Fastest way would be to use str.translate here:

>>> lettersGuessed = ['a', 'b', 'c']
>>> 'wedqwdasdasccdshjasdcas'.translate(None, ''.join(lettersGuessed))
'wedqwdsdsdshjsds'

if lettersGuessed is already a string then remove the ''.join call.

Timing results compared to str.join and filter, taken from @thefourtheye's solution:

def getAvailableLetters2(lettersGuessed):
    return string.ascii_lowercase.translate(None, lettersGuessed)

from timeit import timeit
print 'filter-->', timeit("getAvailableLetters('Welcome')", setup="from __main__ import getAvailableLetters")
print '.join-->', timeit("getAvailableLetters1('Welcome')",setup="from __main__ import getAvailableLetters1")
print 'trans-->', timeit("getAvailableLetters2('Welcome')",setup="from __main__ import getAvailableLetters2")

Output:

filter--> 6.49355100548
.join--> 4.02496357229
trans--> 0.69938109531
Ashwini Chaudhary
  • 244,495
  • 58
  • 464
  • 504
4

You can use list comprehension like this, to filter out the characters which are in lettersGuessed

import string
def getAvailableLetters(lettersGuessed):
    return "".join([char for char in string.ascii_lowercase if char not in lettersGuessed])

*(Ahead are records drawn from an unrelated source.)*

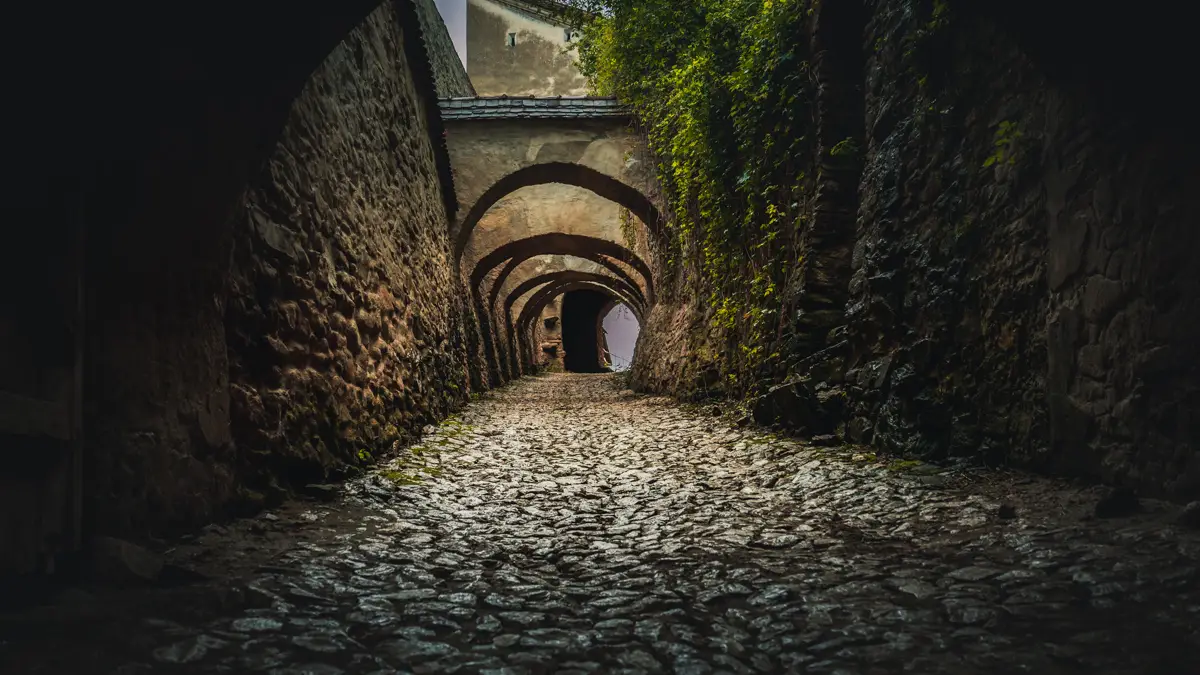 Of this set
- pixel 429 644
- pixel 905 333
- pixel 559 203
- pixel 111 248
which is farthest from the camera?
pixel 559 203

print getAvailableLetters("Welcome")

Output

abdfghijknpqrstuvwxyz

Alternatively, you can use filter function like this

import string
def getAvailableLetters(lettersGuessed):
    return filter(lambda x: x not in lettersGuessed, string.ascii_lowercase)

print getAvailableLetters("Welcome")

Output

abdfghijknpqrstuvwxyz

Edit: Performance comparison

import string
def getAvailableLetters(lettersGuessed):
    return filter(lambda x: x not in lettersGuessed, string.ascii_lowercase)

def getAvailableLetters1(lettersGuessed):
    return "".join([char for char in string.ascii_lowercase if char not in lettersGuessed])

from timeit import timeit
print timeit("getAvailableLetters('Welcome')", setup="from __main__ import getAvailableLetters")
print timeit("getAvailableLetters1('Welcome')",setup="from __main__ import getAvailableLetters1")

Output on my machine

3.02976298332
2.00461006165

It shows that, list comprehension method beats filter method.

thefourtheye
  • 233,700
  • 52
  • 457
  • 497
2

The most efficient way is to use str.join() to turn a sequence of characters into a new string:

return ''.join([char for char in string.ascii_lowercase if char not in lettersGuessed])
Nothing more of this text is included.